Continuously operating sugar centrifuge The invention relates to a continuously operating sugar centrifuge and more particularly to such a centrifuge provided with a frusto-conical centrifuging drum and a sugar collecting casing, in which a delivery flange, disposed at the larger diameter end of the centrifuging drum, is surrounded by sugar collecting elements, which are mounted on a rotatable ring having means for influencing its rotational speed.

Sugar centrifuges of the kind referred to above have been developed to a very high performance level in recent years. They achieve very high throughput rates and produce sugar whose purity is equivalent to the purity of sugar obtained from periodically operating centrifuges.

Although continuous operation in flow processes is always more advantageous when compared to intermittent operation and although a continuously operating centrifuge has a substantially simpler construction and in terms of prime cost and operating costs is therefore also more efficient than intermittently operating centrifuges, continuously operating centrifuges were not able to replace intermittently operating centrifuges in the sugar industry, particularly in the production of high quality sugar.

The reason is the damage sustained by the sugar crystals produced in continuously operating centrifuges, due to sugar crystals being projected from the upper edge of the drum at very high velocity against the wall of the centrifuge casing.

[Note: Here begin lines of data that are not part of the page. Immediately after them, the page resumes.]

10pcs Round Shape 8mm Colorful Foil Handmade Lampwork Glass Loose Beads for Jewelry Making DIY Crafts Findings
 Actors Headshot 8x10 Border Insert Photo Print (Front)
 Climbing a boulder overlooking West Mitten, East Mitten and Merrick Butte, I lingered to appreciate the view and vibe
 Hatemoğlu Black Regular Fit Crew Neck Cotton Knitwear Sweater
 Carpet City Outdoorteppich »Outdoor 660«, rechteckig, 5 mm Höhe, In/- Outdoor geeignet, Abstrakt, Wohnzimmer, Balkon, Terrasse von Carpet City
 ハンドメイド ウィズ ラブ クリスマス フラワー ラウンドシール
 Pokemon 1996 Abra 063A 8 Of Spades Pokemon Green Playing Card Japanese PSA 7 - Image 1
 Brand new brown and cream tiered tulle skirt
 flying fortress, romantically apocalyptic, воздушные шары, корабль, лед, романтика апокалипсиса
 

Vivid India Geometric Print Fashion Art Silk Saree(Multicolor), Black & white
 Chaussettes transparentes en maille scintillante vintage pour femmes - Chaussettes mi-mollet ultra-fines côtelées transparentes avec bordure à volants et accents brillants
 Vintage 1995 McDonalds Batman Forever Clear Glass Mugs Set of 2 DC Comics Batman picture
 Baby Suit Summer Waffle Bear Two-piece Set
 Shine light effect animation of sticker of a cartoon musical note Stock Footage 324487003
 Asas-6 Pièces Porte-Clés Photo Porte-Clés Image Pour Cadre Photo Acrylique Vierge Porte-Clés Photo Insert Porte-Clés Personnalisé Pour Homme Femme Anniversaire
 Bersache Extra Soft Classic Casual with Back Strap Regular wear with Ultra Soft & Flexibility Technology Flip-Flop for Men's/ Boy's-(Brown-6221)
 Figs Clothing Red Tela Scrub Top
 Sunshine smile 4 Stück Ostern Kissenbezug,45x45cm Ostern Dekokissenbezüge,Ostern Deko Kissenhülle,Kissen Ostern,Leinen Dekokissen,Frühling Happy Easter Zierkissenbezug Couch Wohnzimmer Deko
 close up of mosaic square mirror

Natural deceleration of sugar crystals due to air friction is impracticable because this would call for 100 excessively long trajectories or centrifuge casings of several metres diameter. Attempts to increase air friction by applying a higher air pressure or oriented air streams, so that the sugar crystals can be collected by the centrifuge casing without risk, 105 have failed.

Experiments in decelerating or deflecting the sugar crystals have also remained unsuccessful. In the centrifuge disclosed in the Austrian Patent Specification 2 68 164, a rotatable ring, whose inclined collecting surface projects into the trajectory of the sugar crystals, was claimed to effect careful deceleration and deflection which was to have been improved still further by decelerating of the ring and by means of an air stream. The desired result was not, however, achieved; this is because each sliding contact between the rapidly flying sugar crystals and solid surfaces leads to crystal abrasion, i.e. to so-called -blinding- of the crystals. Moreover, these solid surfaces become rapidly encrusted by abraded sugar so that systems of this kind are rendered inoperational even after a short period of use.

The same result occurs in the centrifuge disclosed in the German Auslegeschrift 2 026 479. In this centrifuge, a rotatable ring supports deflecting plates, curved in scoop-like configuration. These are intended to initially extend parallel with the trajectory of the sugar crystals and then effect deflection of the sugar crystals with portions which are gradually and increasingly curved so that the kinetic energy of the sugar crystals is at least partially transmitted via the deflecting plates to the rotatable ring. The sliding contact between the surfaces of the solid deflecting plates and the sugar crystals results in crystal abrasion and consequently in rapidly increasing encrustation.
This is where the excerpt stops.